Unfortunately for Hamas, this is absent. News organizations are reporting the “deafening silence” of Arab nations with respect to the Israeli incursion, and even more-than tacit support.  The  origins of of this attitude might be expected to be opaque, but this time, they are quite traceable, possibly to their origins.  In January  Egypt articulated the intent to destroy Hamas (Reuters).

Now the open source intelligence hound picks up another scent. El-Sisi intends to modernize Egypt. The parallels with Ataturk are striking.  He asks, rhetorically, (NY Times) “You want to be a first-class nation?” he asked of Egyptians, in a leaked recording of an off-the-record conversation with a journalist-confidant. “Will you bear it if I make you walk on your own feet? When I wake you up at 5 in the morning every day? Will you bear cutting back on food, cutting back on air-conditioners?”…“People think I’m a soft man,” he added. “Sisi is torture and suffering.”
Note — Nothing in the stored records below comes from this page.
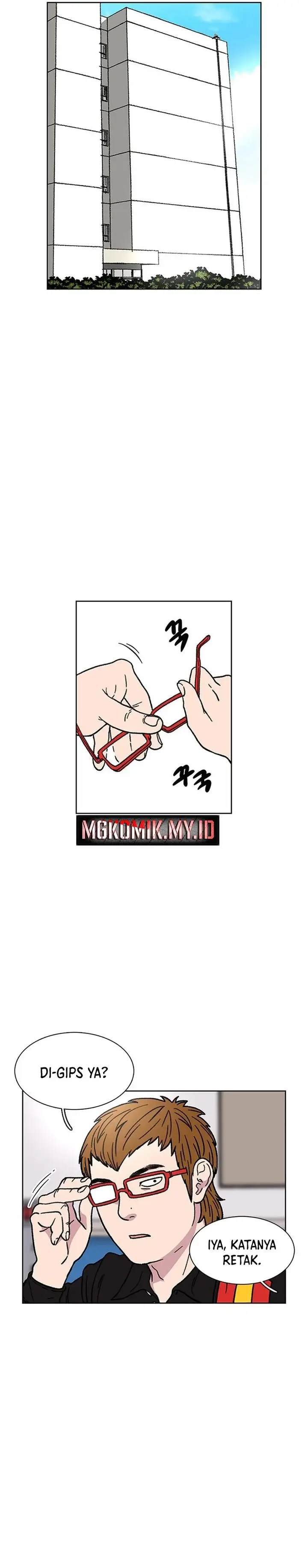 image-komik-star-ginseng-store-chapter-16-6/37
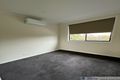 Property photo of 8/50 Tinks Road Narre Warren VIC 3805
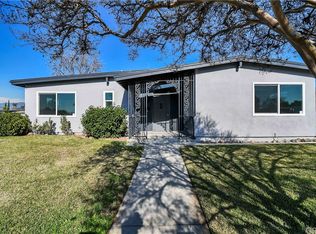 13803 Joycedale St, La Puente, CA 91746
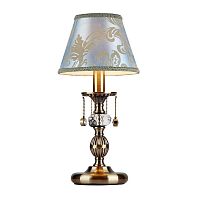 настольная лампа maytoni vals rc098-tl-01-r в Архангельске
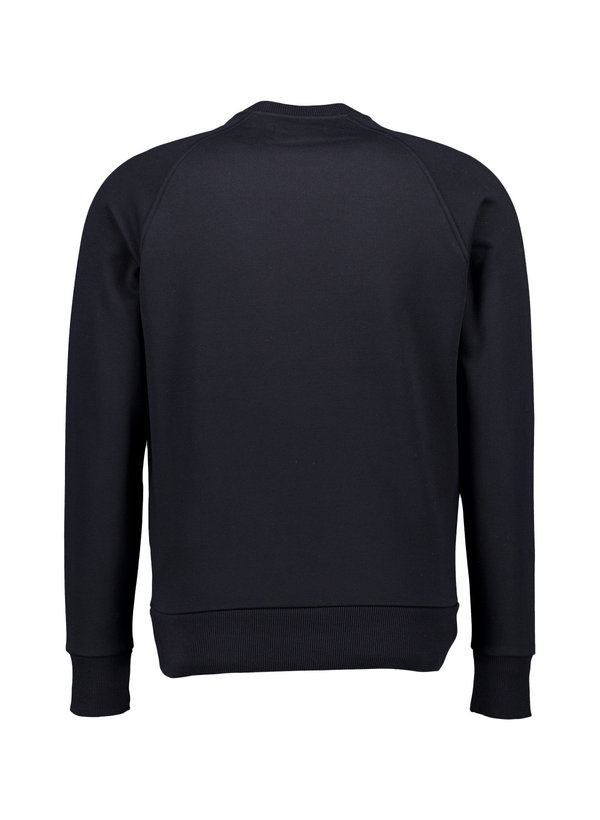 Fred Perry Sweatshirt M1769/102 Image 2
El-Sisi is talking the talk and walking (or bicycling) the walk. Like Ataturk, he is taking on the religious establishment, with the military watching his back. The rest of the Arab World finds little alternative. When you’re caught between the ISIS, Iran and Al-Sisi, who do you choose?

Proceeding from the hour to the day…

Modernity is the word of the day. Egypt resumes leadership of the Arab World. Hamas, aware of the tick of the clock, gambles. But one wonders: Do they see the mortality of their cause, or must they perish with it?